One day during the spring of 2005 I went to F.J.'s house and within minutes a track was created using nothing more than a no frills sampler and an old low performance computer. The chemistry was evident and although I moved to Charlotte in 2006 F.J and I would still work regularly on beats via file sharing. Since then we have made countless tracks and in Aug of 2006 The Right Bros. was officially formed.
I was reminiscing about the time when I used to buy music as a kid. I would shop at The Wiz in Queens and during those times buying records felt like an event. I remember when The Fugees "The Score" Album came out and I ran to the store during a storm to buy it and a day later I had the flu. It didn't matter because I had the album and I would do it again today if the music being released made me feel the same. Don't get me wrong, I don't think music sucks entirely but there was a true purpose to buying tapes and cds and because there were no Ipods you really had to think about what you were going to listen to. I think Ipods are great but you can put anything on it because of storage. Very little thought goes into choosing songs and that to me was part of the fun. The listening experience doesn't feel as personal and because of the way music is obtained today, I feel less connected to the artist. It used to be cool to have a cd player and pick what music to take with you. Downloading and file sharing wasn't available then and even though piracy was around, money was still spent on bootlegs. Those were the days.

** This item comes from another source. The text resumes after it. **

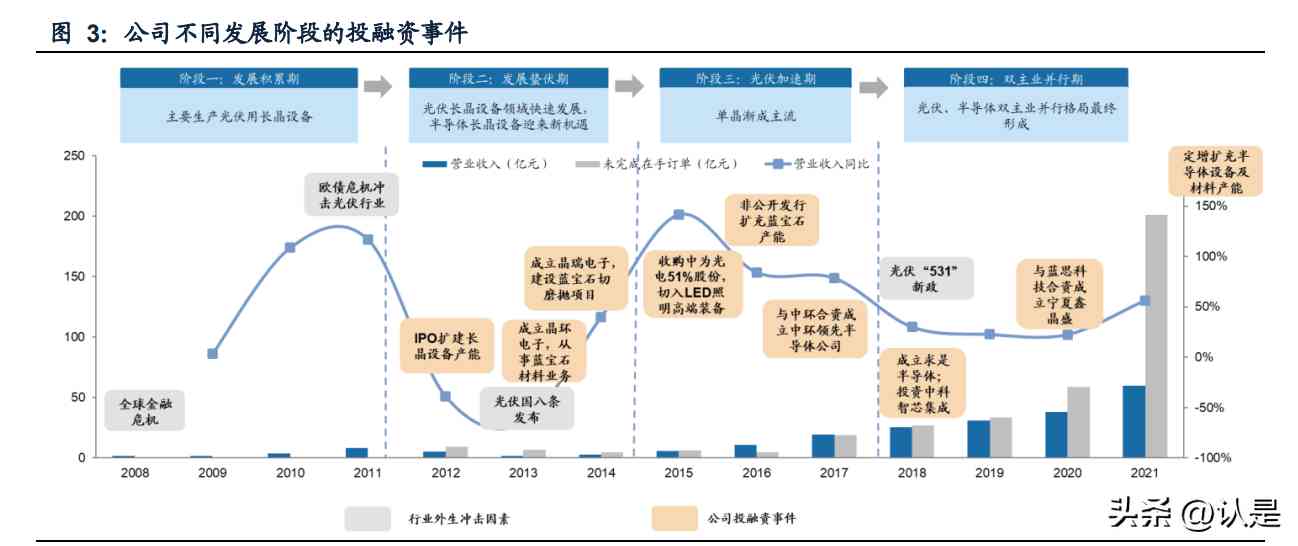 晶钰首饰今日黄金价(今日饰金价格查询)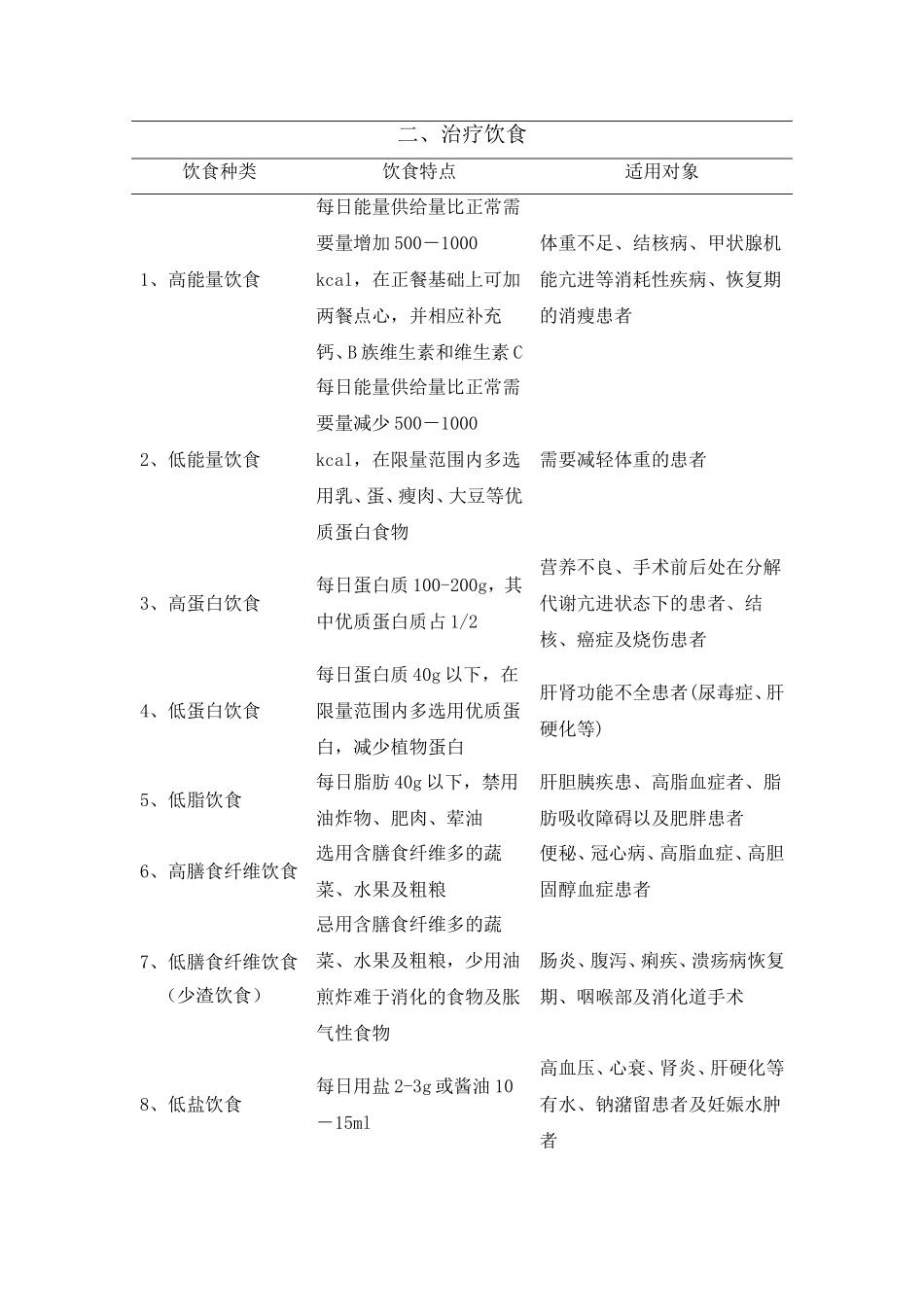 住院病人饮食种类_第2页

I felt that the music back then was created during a golden age where nothing was spared, everyone had guts and the impact it had on the youth let alone the hip hop culture was evident. You lived your life to it. As an aspiring record producer I would love to recapture that feeling again. I know it's gonna take more than just beats. How can we gain the consumer's trust again? Why are we afraid of change?
I cant blame piracy only on the people seeding the files but music just isn't what it used to be. I truly believe that's the real problem with record sales. No one pushes the envelope anymore. No one takes any risks. Everything sounds alike. It's all cookie cutter. Many of you may not feel the same way and that's cool. These are just my thoughts. Thanks for listening.